_YOUR GOAL_: Where an entry holds an image, skip the image but reproduce the rest word for word.

────────────────────

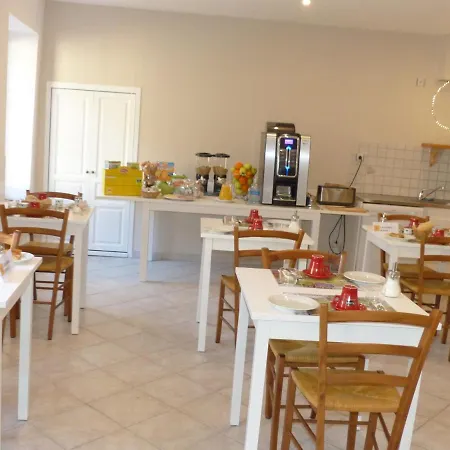 Logis Hotel Restaurant Auberge De L'Isard 3* Saint-Lary-Soulan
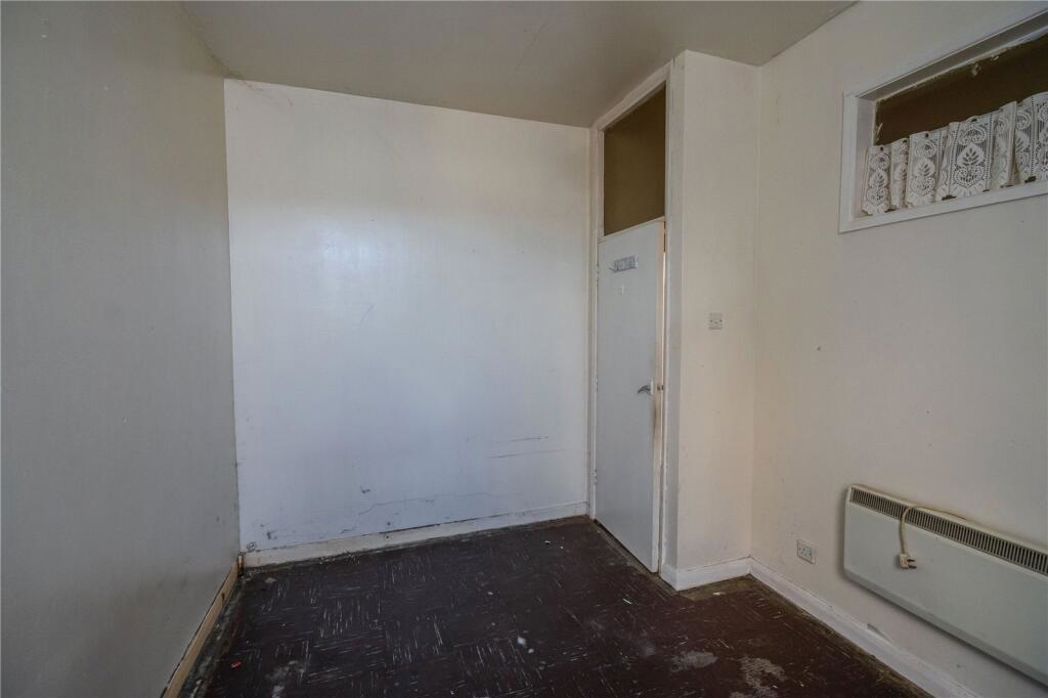 Property image 5 of 18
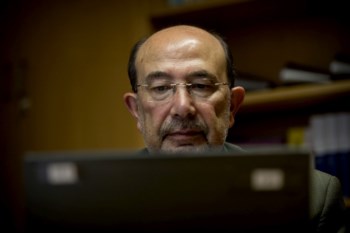 Defensor de Moura, ex-presidente da Câmara de Viana, foi um dos presentes na manifestação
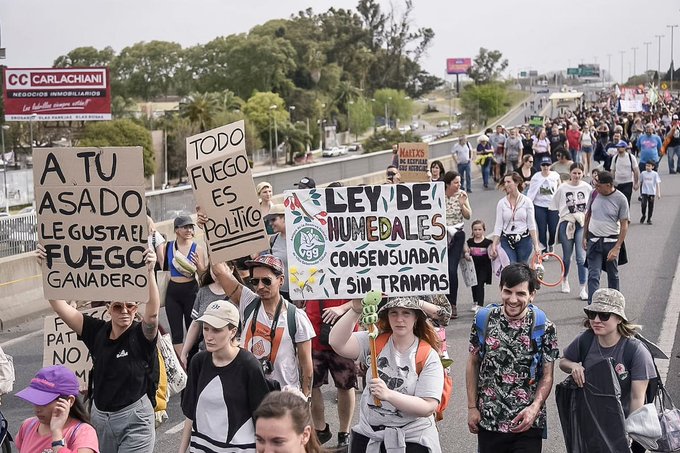 Denuncian que el plan nacional de inteligencia de la SIDE contempla también monitorear a organizaciones ambientalistas 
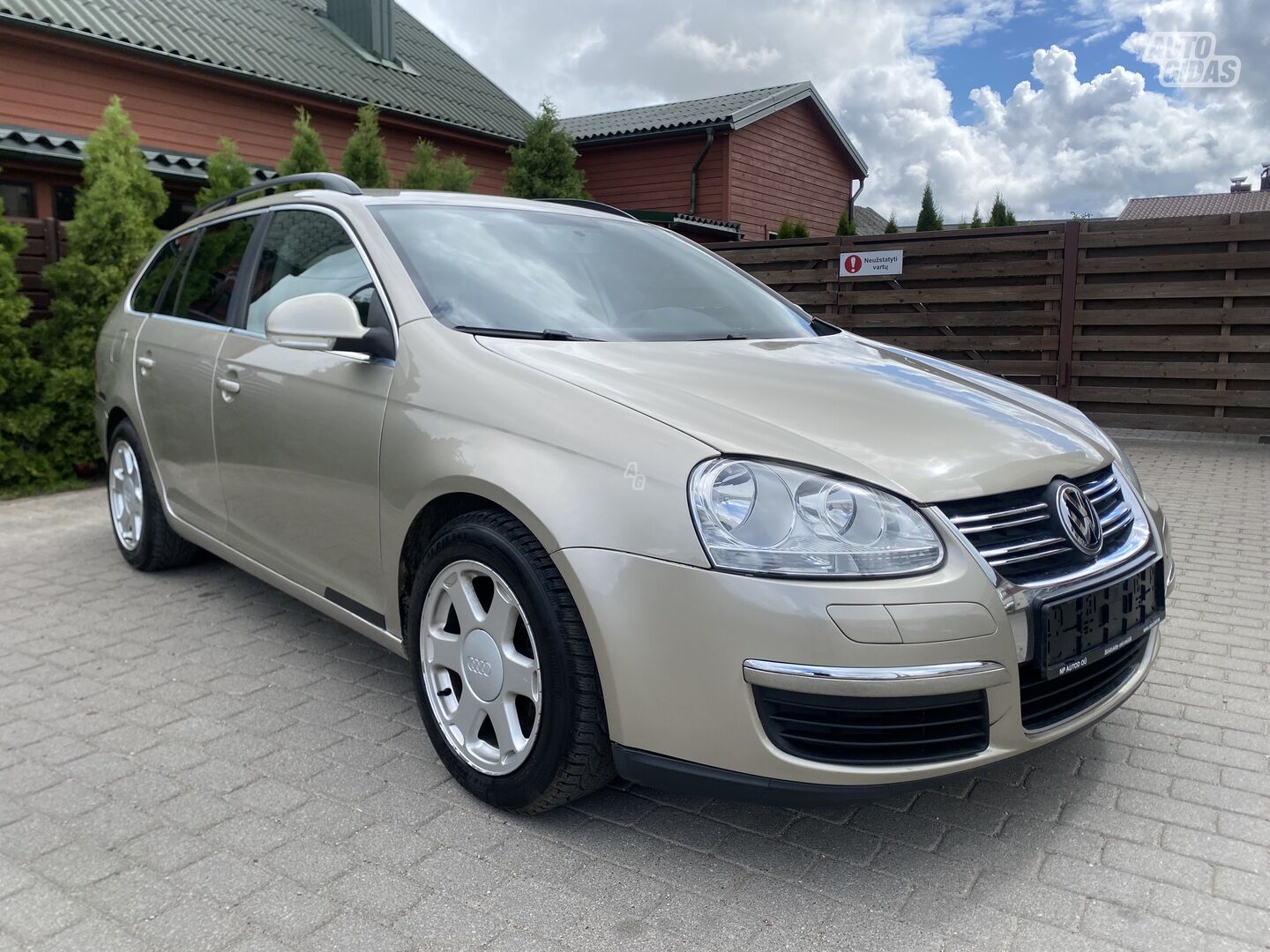 Volkswagen Golf TSI Comfortline DSG 2009 m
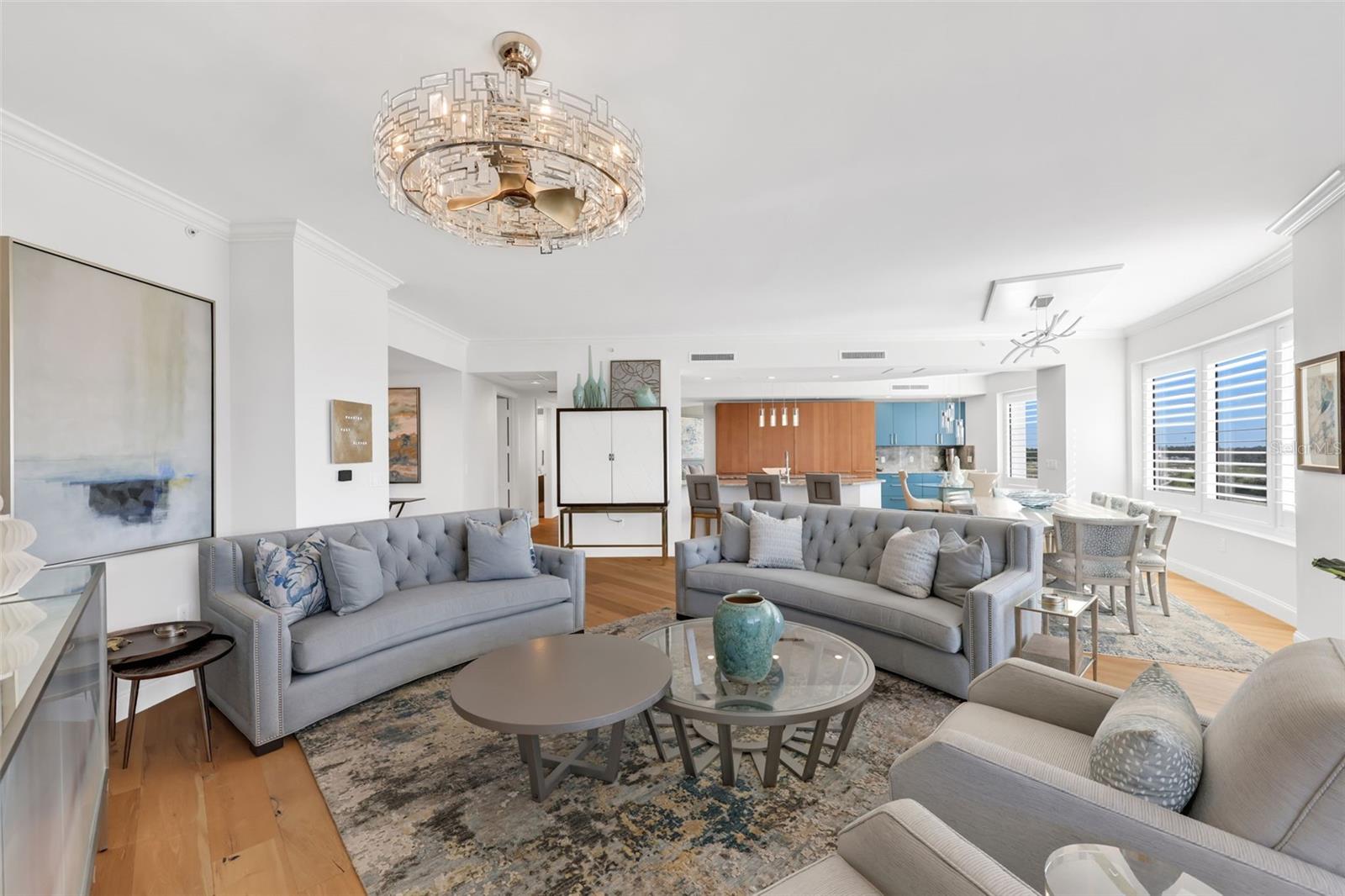 C7520087 Property Photo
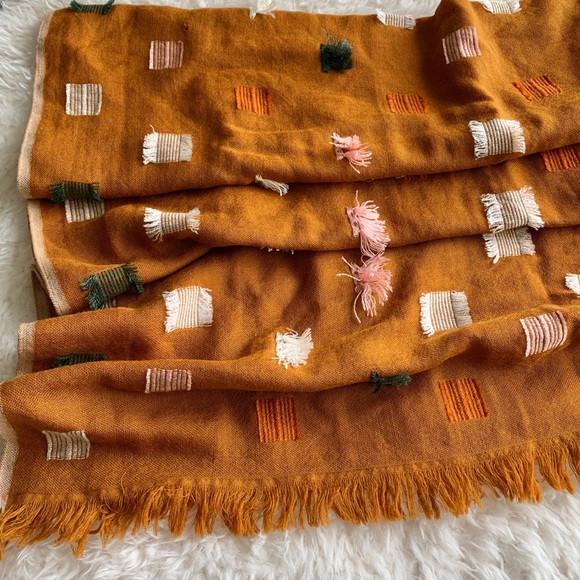 Madewell Accessories - Madewell fringe scarf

────────────────────

_OUTPUT_:
 Logis Hotel Restaurant Auberge De L'Isard 3* Saint-Lary-Soulan
 Property image 5 of 18
 Defensor de Moura, ex-presidente da Câmara de Viana, foi um dos presentes na manifestação
 Denuncian que el plan nacional de inteligencia de la SIDE contempla también monitorear a organizaciones ambientalistas 
 Volkswagen Golf TSI Comfortline DSG 2009 m
 C7520087 Property Photo
 Madewell Accessories - Madewell fringe scarf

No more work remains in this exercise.